DETAILED DESCRIPTION
[0012] An embodiment of the present invention is a standalone
library able to query class metadata without prior loading of
classes in the JVM. The library analyzes source code compiled to
binary format, that is, the library analyzes byte code from a
number of sources such as application archives, class files, or
file system folders. It creates a meta model of the analyzed byte
code and after the model is complete, it creates an object to
access the created model.
[0013] Referring to FIG. 1, the system implementing the embodiment
of the invention receives byte code 100. The received input can be
a set of application archives, separate class files, or file system
folders. The system proceeds to parse the byte code. Each piece of
metadata in the byte code is marked by a marker. The system
identifies a marker 110 and reads the metadata corresponding to the
marker 115. Then the metadata in the byte code is extracted 120,
indexed 123, and added to a meta model 125. The system then checks
if a further marker exists 130 and as long as there are further
markers in the byte code the system iterates over them to construct
a full model of the metadata in the byte code. Each entry in the
meta model is assigned an identifier so that it can be retrieved
later. Once the byte code is complete, the system creates an object
to access the model 135. Using this object and an element
identifier, any element can be retrieved from the model.
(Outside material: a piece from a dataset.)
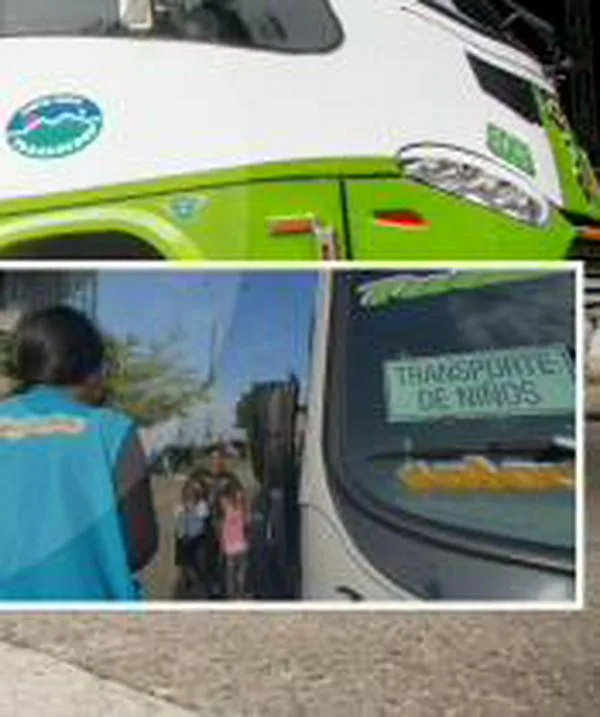 Habrá transporte sin costo para niños de Buen Comienzo en Medellín, ¿quiénes pueden aplicar?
[0014] The system can also retrieve elements of the model that
satisfy given criteria by using filtering, as shown on FIG. 2. To
retrieve only such elements, the system creates a filter object
200, configures the object with the desired criteria 205, and
initializes the created filter object 210. Once initialized the
filter object will return the portion of the meta model matching
the filter criteria. Using filtering is very valuable for use cases
where only a subset of the metadata contained in byte code is
needed to perform a given task.
[0015] Elements in the created model are grouped according to their
type and their source. For example, an Enterprise Application
Archive (hereinafter "EAR"), contains one or more application
modules, such as web modules, web services modules, Enterprise
JavaBeans (hereinafter "EJB") modules, and so on. Each of the
application modules is an archive of the respective type. Each
archive contains application logic compiled to class files and
encapsulated in Java.TM. Application Archives (hereinafter "JARs").
Consequently, the created meta model models the hierarchy of the
EAR, as shown on FIG. 3.
[0016] FIG. 3 is a block diagram of a sample meta model created
from the analysis of an EAR 3005 with one Web Application Archive
(hereinafter "WAR") 3100 and two JARs, 3200 and 3300, respectively.
The WAR 3100 has classA 3110 and classB 3145. ClassA 3110 has three
methods, 3115, 3135, and 3140. Further, classA 3110 has two fields
3120 and 3125 and one constructor 3130. Similarly, the classes,
methods, and fields of the JARs 3200 and 3300 are added to the
hierarchy of the meta model. Later on, using filtering, the system
can retrieve the metadata selectively, as noted above. For example,
the system can configure a filter object to retrieve only the
metadata from WAR 3100.
[0017] FIG. 4 is a block diagram of a system implemented according
to an embodiment of the invention. The reading module 415 receives
byte code 410 and the parsing module 420 parses the input 410 to
identify markers in it. Then the parsing module 420 passes the
information for the identified byte code to the builder module 430.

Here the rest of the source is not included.